Il y a même eu un moment, en 2013-2012, velléité de suppression d'un de ces échelons, à savoir le département, qui aurait été fait au profit de la région, mais finalement, le département a fait de la résistance, et celui-ci continue au contraire de développer de nouvelles compétences. Ce qui fait qu'aujourd'hui, la France compte au niveau local, trois niveaux d'administration, la région, le département et la commune.
Evidemment, ces trois niveaux, région, département, commune, doivent tenir compte de l'État, mais aussi de l'application du droit de l'Union Européenne. Si ce cadre reste immuable, le nouveau triptyque région, département, commune, en revanche, le contenu de chaque catégorie connaît des évolutions de diverses natures.
Éléments d'histoire
Les rapports entre l'État et les collectivités territoriales sont marqués par une tension, tension qui s'exprime par l'opposition de grands principes constitutionnels opposés de prime abord. D'un côté l'unité de l'État et l'indivisibilité de la République, de l'autre côté la libre administration des collectivités territoriales et le respect des libertés locales.
De cette tension, entre l'État et les collectivités territoriales, l'aspiration à l'unité, à l'égalité, au centralisme d'un côté et à l'autonomie et au développement de l'autre, de cette tension naît une instabilité des rapports entre l'État et les collectivités territoriales.
Instabilité qui, si elle s'oriente vers davantage de décentralisation, c'est-à-dire pour simplifier, de pouvoir confier à ces organes décentralisés, décentralisation qui néanmoins demeure dans les mains de l'État puisque finalement c'est l'État, l'État central qui en exprimant sa volonté définit le niveau de décentralisation jusqu'où il est prêt à aller.
L'histoire de la décentralisation est jalonnée par différentes étapes qui tentent à se rapprocher dans le temps, et il faut souligner que la critique tendant à déplorer l'instabilité normative, cette instabilité normative a désormais aussi atteint le droit de la décentralisation qui apparemment était plutôt stable.
Grande réforme de la décentralisation, on l'appelle l'acte 1 de la décentralisation, corresponde aux lois Defferre de 1982-83 et aussi de 1986. Les lois Defferre marquent l'acte 1 de la décentralisation et renforcent celle-ci.
Tout d'abord en posant le principe de l'élection de l'exécutif des collectivités territoriales.

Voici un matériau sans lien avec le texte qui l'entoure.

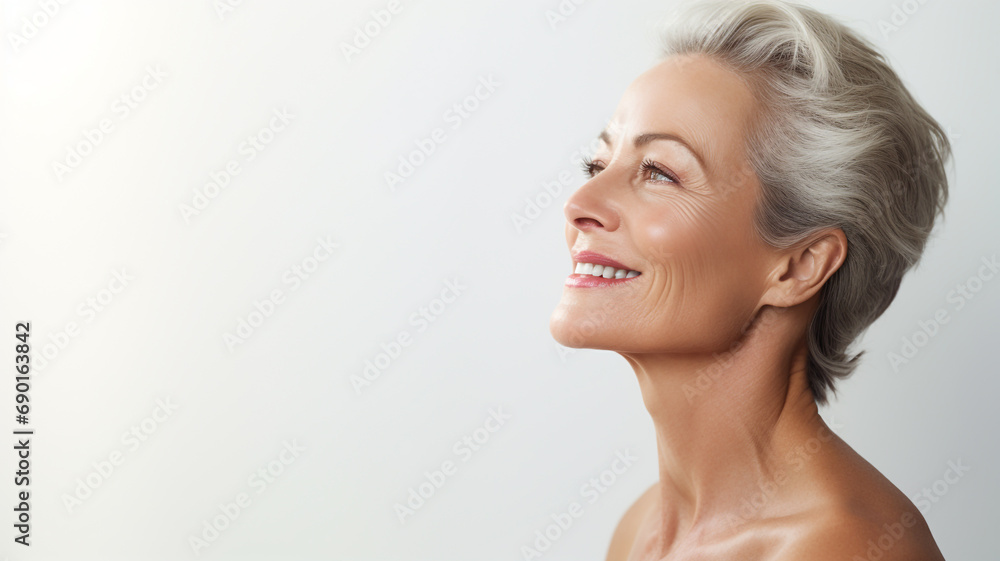 Naklejka premium side view Attractive gorgeous mature older woman looking at camera isolated on white background advertising skincare spa treatment. Mid age tightening face skin care rejuvenation cosmetics concept.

L'exécutif des collectivités territoriales, auparavant était désigné par l'État, est désormais élu par un suffrage indirect, directement par les populations locales.
Deuxième apport de la loi Defferre, ces lois élargissent les compétences attribuées aux collectivités territoriales et posent notamment un principe important, celui de la compensation. C'est l'idée que le transfert de compétences de l'État vers les collectivités territoriales doit s'accompagner du transfert des moyens humains, matériels et financiers nécessaires à l'accomplissement de ces nouvelles missions.
Et le troisième apport de l'acte 1 de la décentralisation des lois Defferre porte sur la fin de la tutelle du préfet sur les actes des collectivités territoriales. Le préfet pouvait directement annuler auparavant ou refuser l'entrée en vigueur d'un acte d'une collectivité territoriale; désormais cette tutelle a été remplacée par un simple contrôle de légalité avec création du déféré préfectoral : le préfet se voit communiquer l'ensemble des actes des collectivités territoriales et s'il estime qu'un acte est illégal, il peut saisir le tribunal administratif pour en contester sa légalité. C'est un "super justiciable" le préfet pour simplifier.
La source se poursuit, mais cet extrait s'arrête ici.